-- Problem details --
Your answer must be the full listing, repeated word for word.
⁂
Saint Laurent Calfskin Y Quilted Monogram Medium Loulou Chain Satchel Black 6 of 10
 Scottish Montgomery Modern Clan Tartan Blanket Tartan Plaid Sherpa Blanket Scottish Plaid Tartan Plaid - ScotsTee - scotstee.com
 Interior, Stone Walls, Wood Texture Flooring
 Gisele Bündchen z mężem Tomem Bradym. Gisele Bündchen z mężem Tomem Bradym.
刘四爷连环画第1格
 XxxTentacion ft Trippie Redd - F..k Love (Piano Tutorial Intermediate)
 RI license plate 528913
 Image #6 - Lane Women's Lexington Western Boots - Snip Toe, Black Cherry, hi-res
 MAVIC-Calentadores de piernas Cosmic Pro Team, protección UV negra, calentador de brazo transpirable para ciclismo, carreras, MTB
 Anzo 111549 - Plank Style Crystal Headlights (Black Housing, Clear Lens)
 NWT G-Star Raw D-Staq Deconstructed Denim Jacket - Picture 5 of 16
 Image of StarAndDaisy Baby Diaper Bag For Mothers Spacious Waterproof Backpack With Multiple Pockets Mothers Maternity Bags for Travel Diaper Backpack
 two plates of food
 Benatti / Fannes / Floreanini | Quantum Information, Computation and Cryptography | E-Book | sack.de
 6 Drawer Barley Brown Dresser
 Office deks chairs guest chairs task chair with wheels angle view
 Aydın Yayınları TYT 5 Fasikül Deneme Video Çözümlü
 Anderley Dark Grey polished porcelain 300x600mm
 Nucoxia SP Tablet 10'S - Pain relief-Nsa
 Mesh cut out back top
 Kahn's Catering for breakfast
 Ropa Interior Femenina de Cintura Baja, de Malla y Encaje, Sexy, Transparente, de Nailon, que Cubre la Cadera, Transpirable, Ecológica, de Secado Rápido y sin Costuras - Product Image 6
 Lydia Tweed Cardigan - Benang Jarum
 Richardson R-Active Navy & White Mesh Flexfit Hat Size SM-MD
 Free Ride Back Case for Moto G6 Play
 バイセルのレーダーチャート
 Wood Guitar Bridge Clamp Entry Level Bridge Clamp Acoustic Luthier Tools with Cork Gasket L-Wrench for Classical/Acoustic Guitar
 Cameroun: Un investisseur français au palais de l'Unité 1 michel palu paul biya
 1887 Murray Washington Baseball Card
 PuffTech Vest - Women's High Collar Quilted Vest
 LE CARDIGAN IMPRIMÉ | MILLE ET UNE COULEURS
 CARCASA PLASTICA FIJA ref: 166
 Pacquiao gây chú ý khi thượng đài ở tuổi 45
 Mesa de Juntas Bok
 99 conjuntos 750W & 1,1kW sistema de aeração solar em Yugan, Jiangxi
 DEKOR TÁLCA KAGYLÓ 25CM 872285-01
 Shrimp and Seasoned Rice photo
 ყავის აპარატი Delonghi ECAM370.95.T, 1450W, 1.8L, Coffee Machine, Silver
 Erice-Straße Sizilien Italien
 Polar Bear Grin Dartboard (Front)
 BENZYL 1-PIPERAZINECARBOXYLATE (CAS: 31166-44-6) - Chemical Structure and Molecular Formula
⁂
-- Answer --
Saint Laurent Calfskin Y Quilted Monogram Medium Loulou Chain Satchel Black 6 of 10
 Scottish Montgomery Modern Clan Tartan Blanket Tartan Plaid Sherpa Blanket Scottish Plaid Tartan Plaid - ScotsTee - scotstee.com
 Interior, Stone Walls, Wood Texture Flooring
 Gisele Bündchen z mężem Tomem Bradym. Gisele Bündchen z mężem Tomem Bradym.
刘四爷连环画第1格
 XxxTentacion ft Trippie Redd - F..k Love (Piano Tutorial Intermediate)
 RI license plate 528913
 Image #6 - Lane Women's Lexington Western Boots - Snip Toe, Black Cherry, hi-res
 MAVIC-Calentadores de piernas Cosmic Pro Team, protección UV negra, calentador de brazo transpirable para ciclismo, carreras, MTB
 Anzo 111549 - Plank Style Crystal Headlights (Black Housing, Clear Lens)
 NWT G-Star Raw D-Staq Deconstructed Denim Jacket - Picture 5 of 16
 Image of StarAndDaisy Baby Diaper Bag For Mothers Spacious Waterproof Backpack With Multiple Pockets Mothers Maternity Bags for Travel Diaper Backpack
 two plates of food
 Benatti / Fannes / Floreanini | Quantum Information, Computation and Cryptography | E-Book | sack.de
 6 Drawer Barley Brown Dresser
 Office deks chairs guest chairs task chair with wheels angle view
 Aydın Yayınları TYT 5 Fasikül Deneme Video Çözümlü
 Anderley Dark Grey polished porcelain 300x600mm
 Nucoxia SP Tablet 10'S - Pain relief-Nsa
 Mesh cut out back top
 Kahn's Catering for breakfast
 Ropa Interior Femenina de Cintura Baja, de Malla y Encaje, Sexy, Transparente, de Nailon, que Cubre la Cadera, Transpirable, Ecológica, de Secado Rápido y sin Costuras - Product Image 6
 Lydia Tweed Cardigan - Benang Jarum
 Richardson R-Active Navy & White Mesh Flexfit Hat Size SM-MD
 Free Ride Back Case for Moto G6 Play
 バイセルのレーダーチャート
 Wood Guitar Bridge Clamp Entry Level Bridge Clamp Acoustic Luthier Tools with Cork Gasket L-Wrench for Classical/Acoustic Guitar
 Cameroun: Un investisseur français au palais de l'Unité 1 michel palu paul biya
 1887 Murray Washington Baseball Card
 PuffTech Vest - Women's High Collar Quilted Vest
 LE CARDIGAN IMPRIMÉ | MILLE ET UNE COULEURS
 CARCASA PLASTICA FIJA ref: 166
 Pacquiao gây chú ý khi thượng đài ở tuổi 45
 Mesa de Juntas Bok
 99 conjuntos 750W & 1,1kW sistema de aeração solar em Yugan, Jiangxi
 DEKOR TÁLCA KAGYLÓ 25CM 872285-01
 Shrimp and Seasoned Rice photo
 ყავის აპარატი Delonghi ECAM370.95.T, 1450W, 1.8L, Coffee Machine, Silver
 Erice-Straße Sizilien Italien
 Polar Bear Grin Dartboard (Front)
 BENZYL 1-PIPERAZINECARBOXYLATE (CAS: 31166-44-6) - Chemical Structure and Molecular Formula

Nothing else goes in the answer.